Monday, April 1, 2019

No Fooling ~ A Writer's Month

Current Project:  To Wield the Wind
Writing Stage:  Sketching Ideas
Today’s Word Count:  200 ~~ Total Word Count:  5,920 / 33,000
Goal:  5,000 words per week > Weekly Words Achieved 200
Project Start Date:  March 25
Projected End Date:  May 5 Publication

These blogs are a day-by-day account of my writing time, along with method and focus as well as everything that interferes and distracts from my goal.  Sometimes I will have a lot to say;  some days, not so much.

The goal is 1,000 words per working day, with 5,000 words as the weekly goal.  I want to write for 30 straight days, then Proof Plus for 10, and publish on the 10th day.

How did I arrive at this daily and weekly word count as my goal?  The 4 Bees:
1.      Be realistic.  Don’t push for what I wish, but for what I can do.
2.      Be time-aware.  Use writing time wisely.  Find places in the day to achieve the goal.
3.      Be devoted.  Stick to the one fiction project.  Keep focused throughout the day on achieving the daily goal.
4.      Be specific.  Know what I’m doing, when I’m doing it, why …, and how.

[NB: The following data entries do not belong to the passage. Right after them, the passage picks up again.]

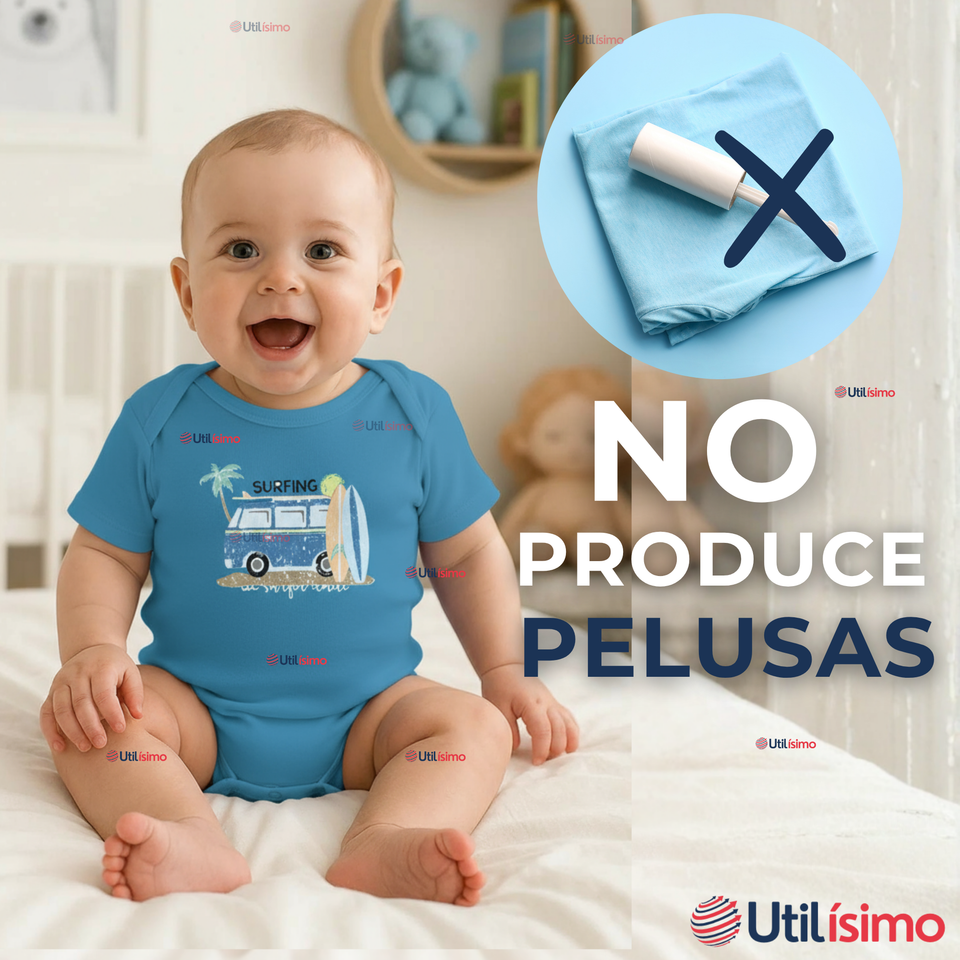 Pack 5 Bodys Niño Manga Corta Tedmimak 100% Algodón Baby on Board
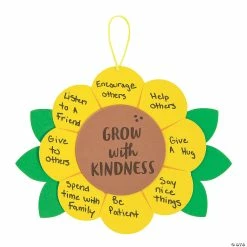 Coupon 👏 Be Kind Sunflower Craft Kit - Makes 12 ⌛
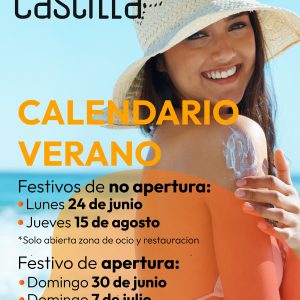 Calendario de verano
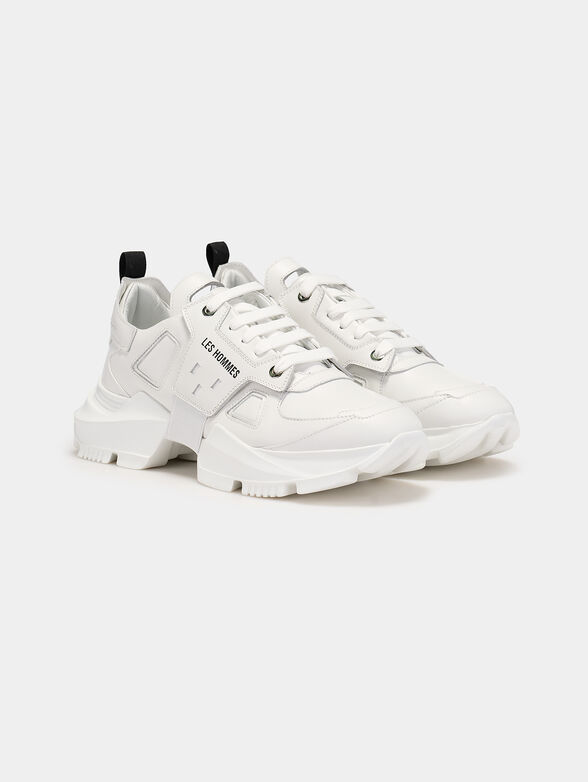 White leather sneakers - 2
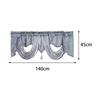 Rod Pocket Valance Window Tiers Decor Boho Window Curtain Panel Short Curtain for Basement Bathroom Living Room Cafe Kitchen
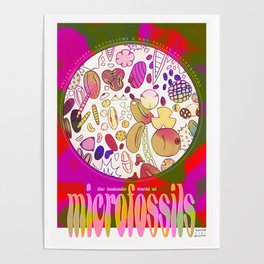The Fantastic World of Microfossils Poster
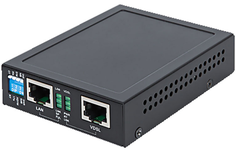 Конвертер NSGate qBRIDGE-307m 34VDM307 VDSL2: 1 LAN, CO/CPE, профили 17a/30a, БП 12V/1А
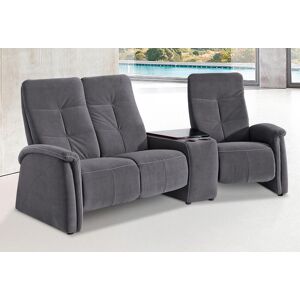 3-Sitzer EXXPO - SOFA FASHION "Tivoli" Sofas Gr. B/H/T: 258 cm x 109 cm x 97 cm, Lu x us-Microfaser, mit Rela x funktion, grau (anthrazit) 3-Sitzer Sofas mit Relaxfunktion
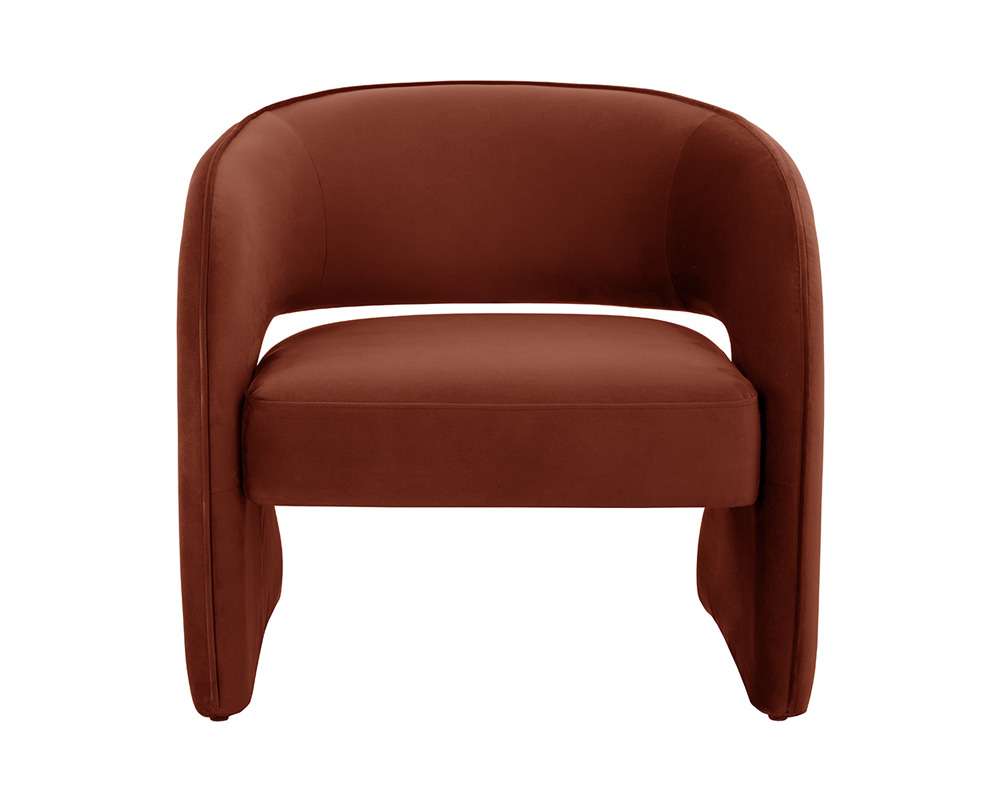 Sunpan - 5West Rosalia Lounge Chair - Meg Rust - 109583 veiw 2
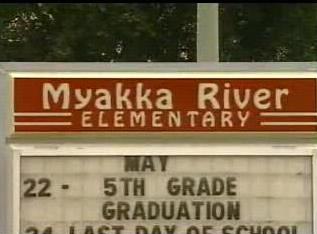 [Myakka River Elementary School in Charlotte County, Port Charlotte, Florida]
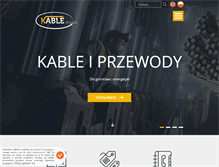 Tablet Screenshot of kable.net.pl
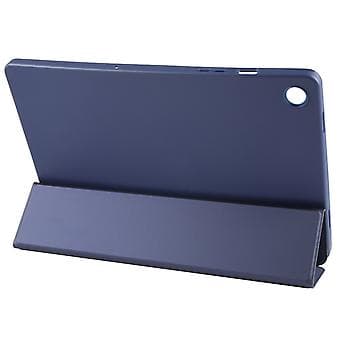 Tri-fold lærtablettveske for Samsung Galaxy Tab A9+ (Mørk blå)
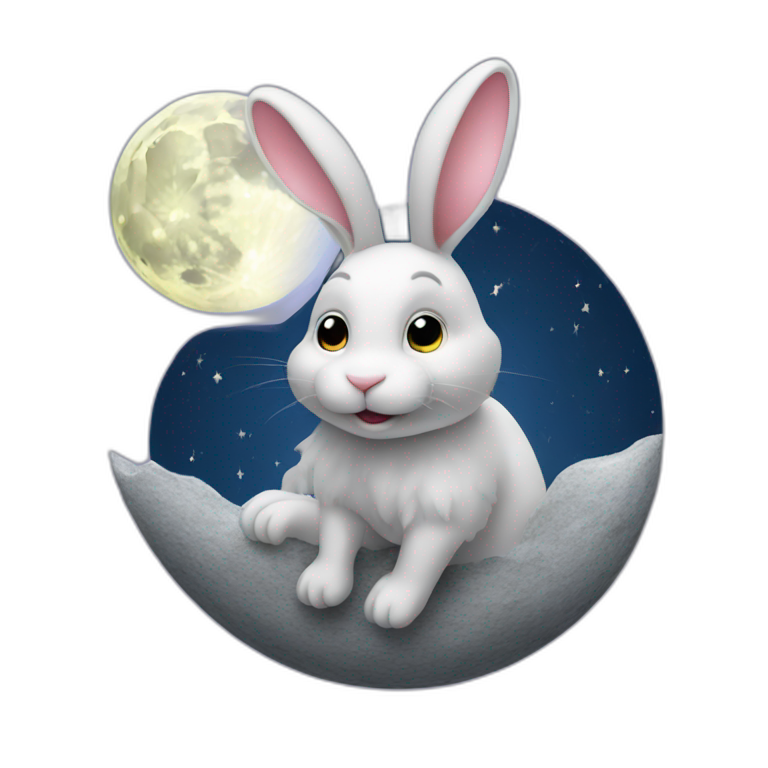 The rabbit on the moon emoji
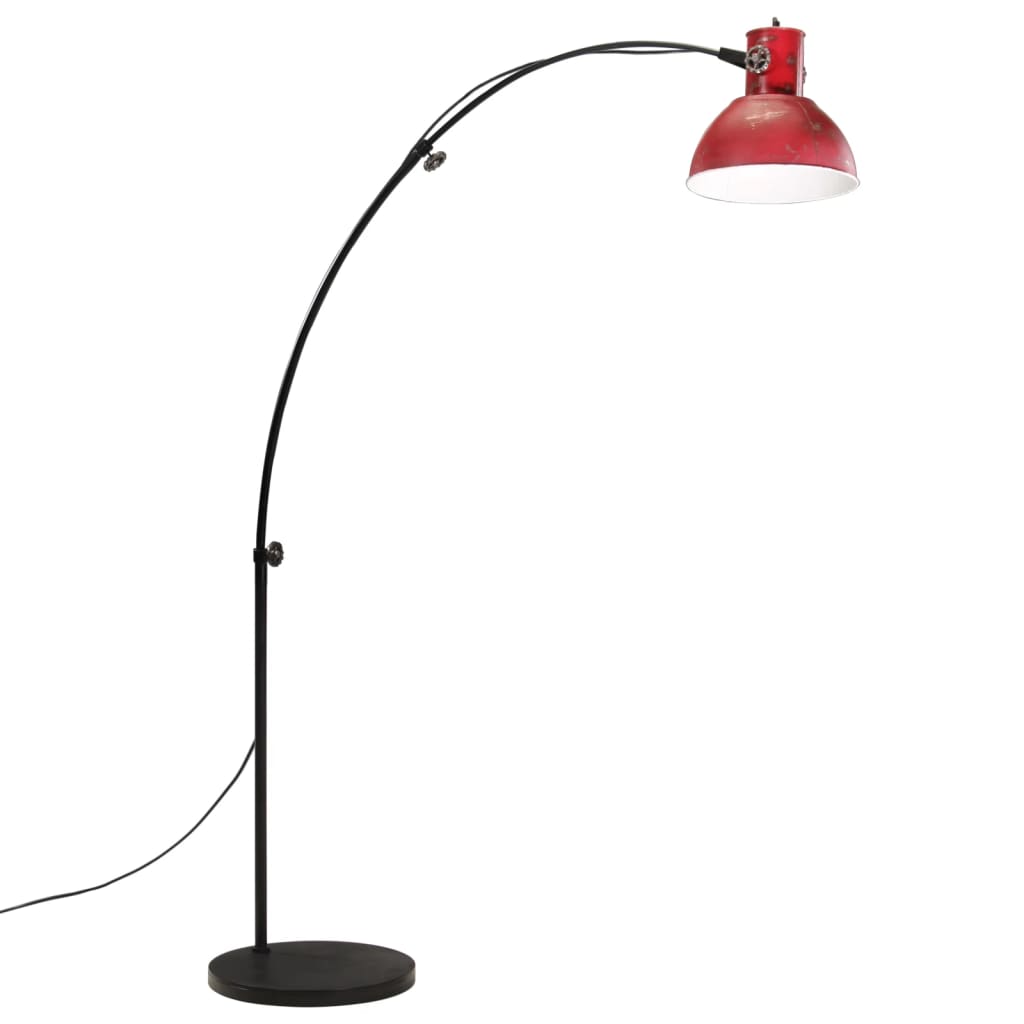 gulvlampe 25 W 150 cm E27 rustik rød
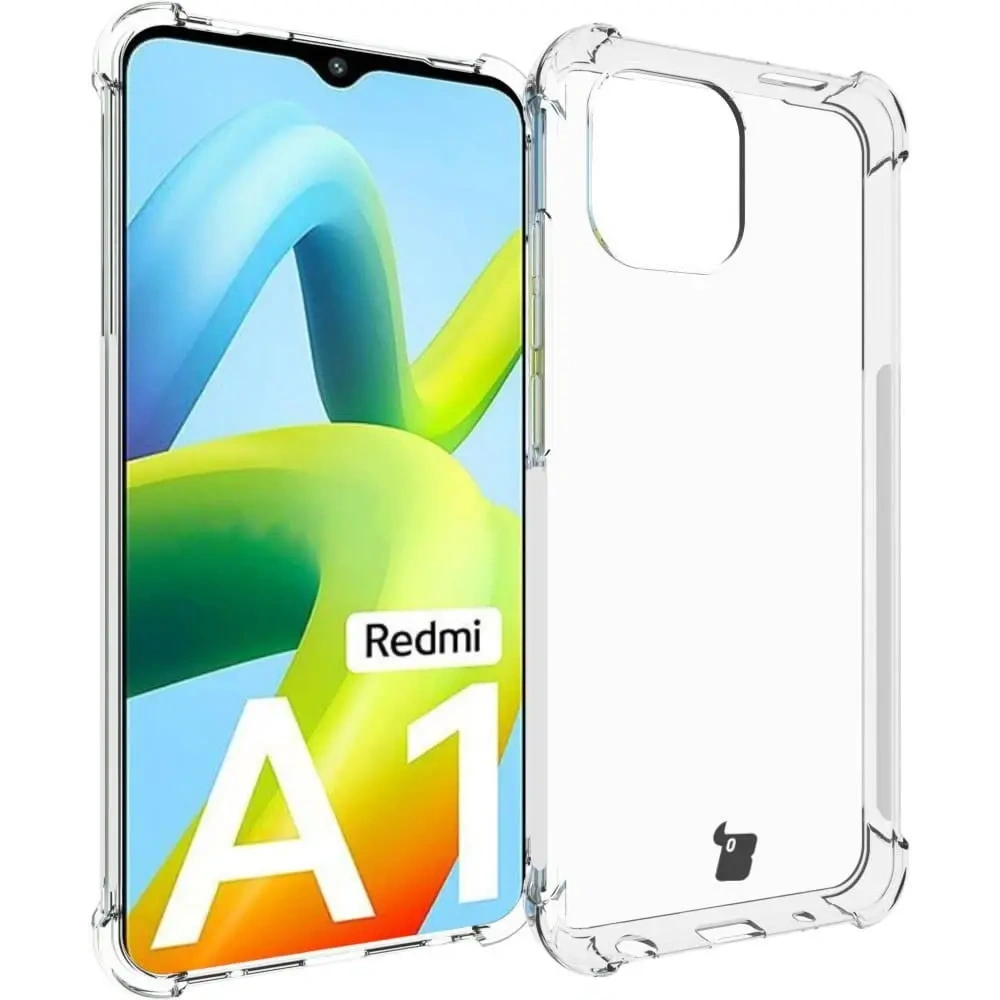 Hurtownia GSM - Bizon Case Clear Pack tok + 2x képernyőüveg + lencseüveg Xiaomi Redmi A1 átlátszó - BIZ2229 - {ean13} - Hurt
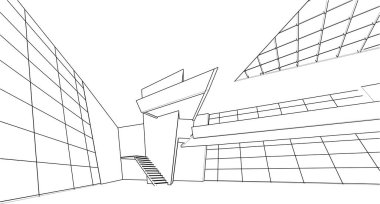 soyut mimari sanat, dijital duvar kağıdı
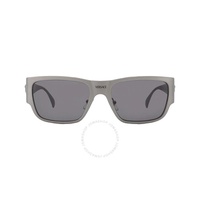 베르사체 Versace Dark Grey Rectangular Mens Sunglasses VE2262 126287 56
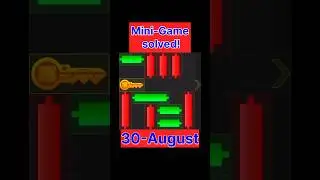 Mini-Game Puzzle solved🔑 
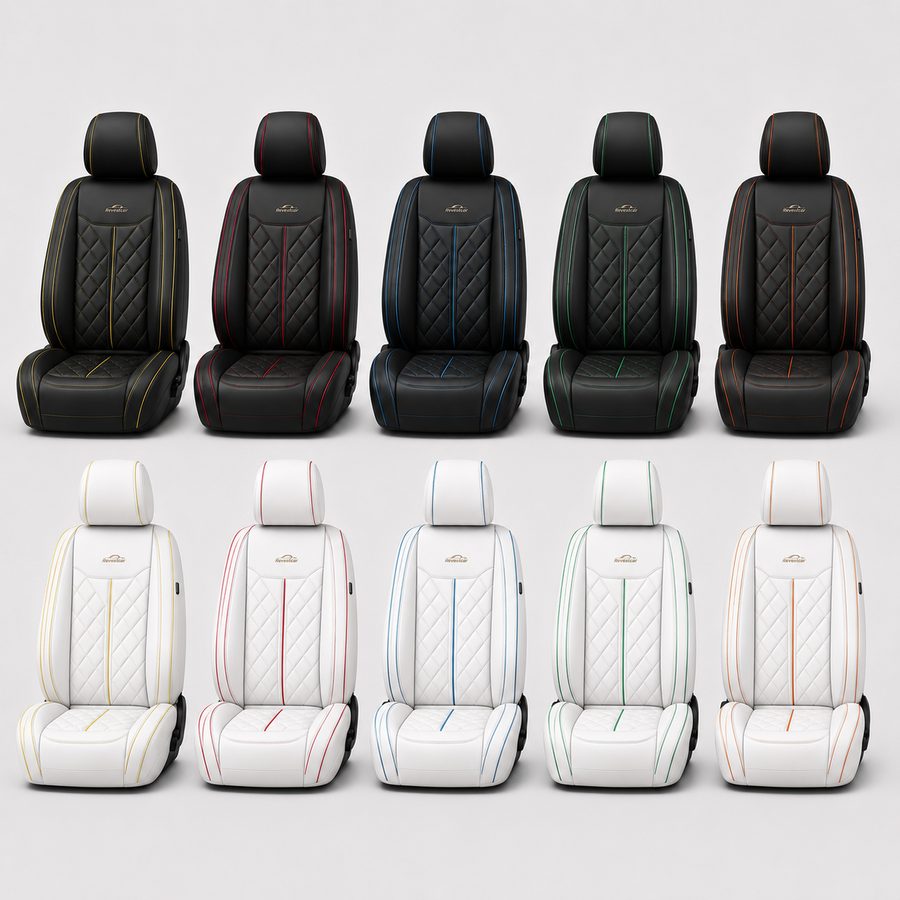 Kit de capas de banco Revestcar — todas as cores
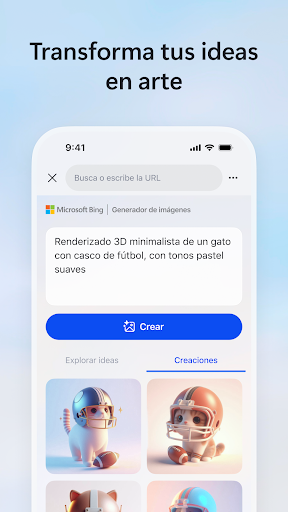 Captura de pantalla de Microsoft Bing Búsqueda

The 4 Bees are today’s Lesson 1.

Realistic goals are key.  I spent the first three months burning through three projects.  To keep myself focused on writing rather than fall into a slump, I need to continue on.  

However, burning through creative projects will quickly burn me out.  Since I’m tackling a third fiction project at the same time that I write these 30 nonfiction blogs, I need to ease up just a little on the fiction side.  Instead of pushing for 2500+ words per writing day, I’m going for 1,000+ wpd.  I will achieve more wpd than 1,000, but I’m not counting the wpd for these blogs.

Why did I pick 5,000 words per week?  I jumbled up business and creativity.  No fooling.

Whenever writers start a project, they need to have very good creative and business reasons.

Business and Creativity are odd companions for writers.  We need the first;  we thrive on the second.  We have to learn to work with both together.

If you haven’t yet done so, you need to create a Business Plan for yourself, projecting from where you are now to where you want to be five years from now.  This is Lesson 2.
·         Vision:  the image of where you want your business to be in five years
·         Mission:  the niche filled with your writing, the focus that will make your writing different from other writers of similar stories
·         Objectives:  concrete goals that prove you are fulfilling your vision
·         Strategies:  specific methods to help you achieve each concrete goal.
·         Plans:  pull out a calendar and start drafting your seasonal, monthly, and weekly plans that will complete each strategy and goal.

So, what did I do today?  I didn’t plan to write at all.  No fooling, even though it’s April Fool’s Day.

I planned to take off the day because I only took one day for myself during the entire month of March.  Remember what I said earlier?  Burning through projects can quickly burn you out.  I self-published a book in January, a second in February, and a third in March.

I ran errands.  I cooked.  I cleaned.  I played some games on my phone.

But the work that I’d accomplished last week called to me, giving me ideas for this upcoming week.  So, in extremely rough form, across 10 index cards, I sketched out several ideas.

This is Lesson 3.  If you have several ideas flood over you, scribble them down.  You don’t need to write them neatly.  They just have to be readable.  They don’t even have to be organized.

I know that I wrote more than 20 words per card, but a conservative estimate of wpd is 200.  

That’s what I’m recording.  That’s what I’m telling you.  With no fooling.